— Supplied records —
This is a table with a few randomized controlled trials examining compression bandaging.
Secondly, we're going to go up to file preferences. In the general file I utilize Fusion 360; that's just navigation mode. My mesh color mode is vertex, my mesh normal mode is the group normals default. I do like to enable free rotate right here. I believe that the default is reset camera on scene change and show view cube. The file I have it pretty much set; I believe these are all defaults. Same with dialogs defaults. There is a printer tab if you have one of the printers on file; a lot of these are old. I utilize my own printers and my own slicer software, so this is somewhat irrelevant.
...
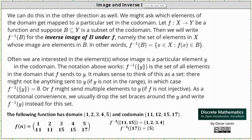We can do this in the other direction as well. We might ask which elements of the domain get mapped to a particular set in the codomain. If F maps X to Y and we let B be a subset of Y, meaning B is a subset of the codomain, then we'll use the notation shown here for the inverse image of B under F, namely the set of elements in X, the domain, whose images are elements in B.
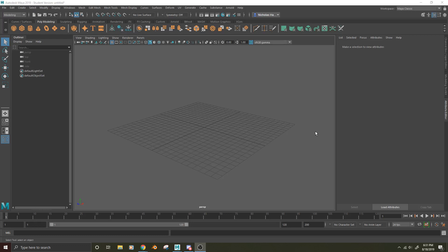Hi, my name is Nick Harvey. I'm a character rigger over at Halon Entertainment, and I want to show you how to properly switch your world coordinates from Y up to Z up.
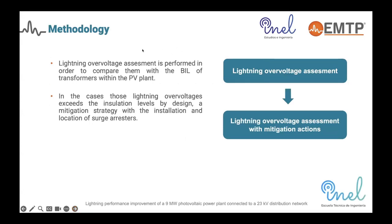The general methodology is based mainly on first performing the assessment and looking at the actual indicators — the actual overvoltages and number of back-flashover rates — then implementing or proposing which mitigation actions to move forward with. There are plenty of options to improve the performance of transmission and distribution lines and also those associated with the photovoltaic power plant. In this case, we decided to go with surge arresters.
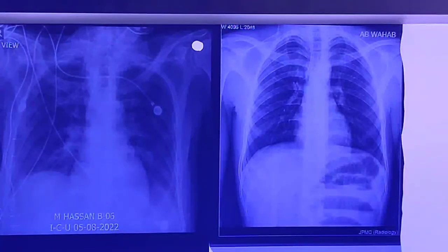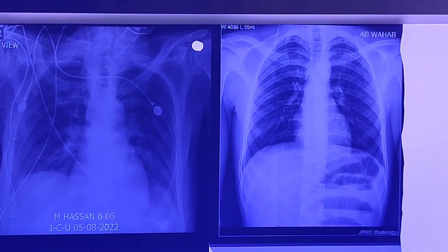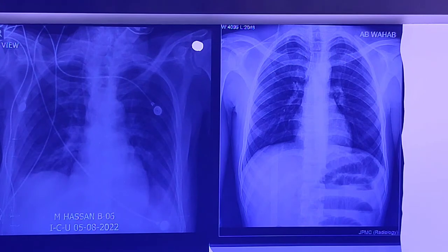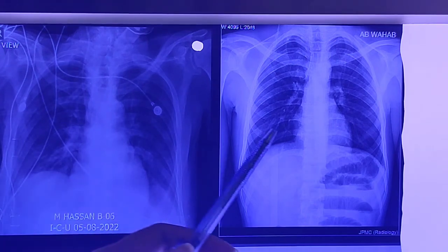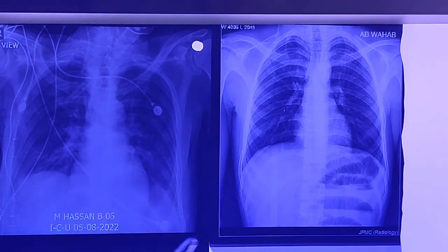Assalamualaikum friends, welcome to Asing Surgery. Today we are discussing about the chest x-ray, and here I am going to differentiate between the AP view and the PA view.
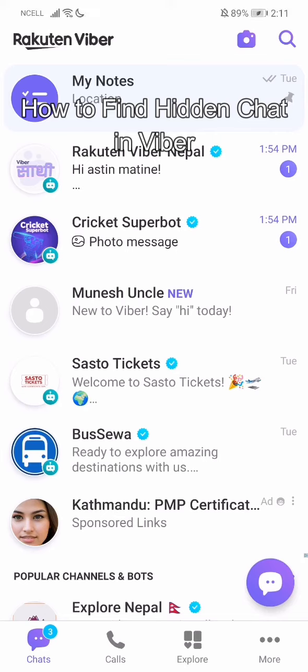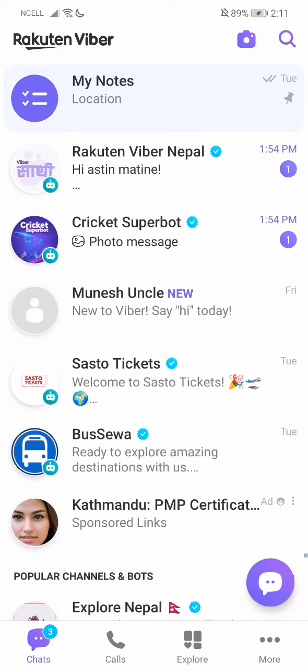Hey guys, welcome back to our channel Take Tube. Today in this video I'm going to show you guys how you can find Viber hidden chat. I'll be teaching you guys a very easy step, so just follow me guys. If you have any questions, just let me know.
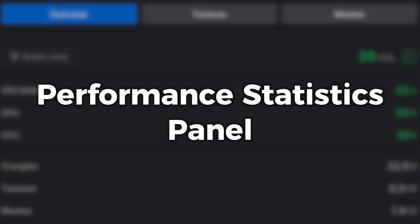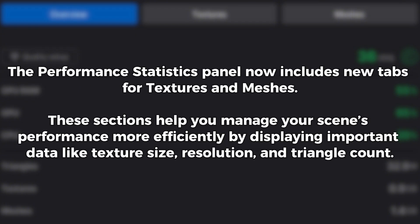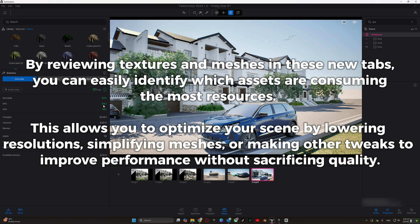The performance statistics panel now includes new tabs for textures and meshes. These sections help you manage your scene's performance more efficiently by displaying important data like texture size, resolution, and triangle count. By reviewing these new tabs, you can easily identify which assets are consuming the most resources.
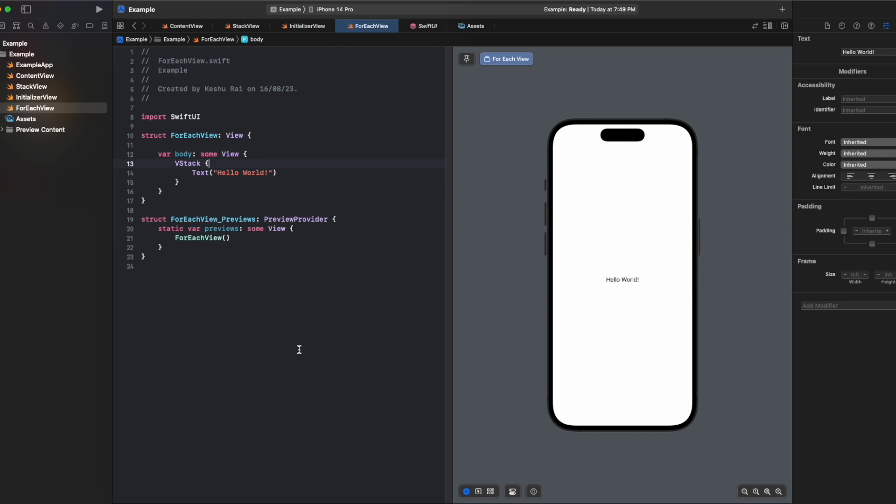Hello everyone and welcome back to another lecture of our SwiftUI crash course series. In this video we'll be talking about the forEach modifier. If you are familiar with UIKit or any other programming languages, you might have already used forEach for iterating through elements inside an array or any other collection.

— Task goal —
In the listing above, locate the line containing "This is a table" and the line containing "Secondly, we're going". Extract those two lines and every line between them, exactly as written, and only those.

— Completed exercise —
This is a table with a few randomized controlled trials examining compression bandaging.
Secondly, we're going to go up to file preferences. In the general file I utilize Fusion 360; that's just navigation mode. My mesh color mode is vertex, my mesh normal mode is the group normals default. I do like to enable free rotate right here. I believe that the default is reset camera on scene change and show view cube. The file I have it pretty much set; I believe these are all defaults. Same with dialogs defaults. There is a printer tab if you have one of the printers on file; a lot of these are old. I utilize my own printers and my own slicer software, so this is somewhat irrelevant.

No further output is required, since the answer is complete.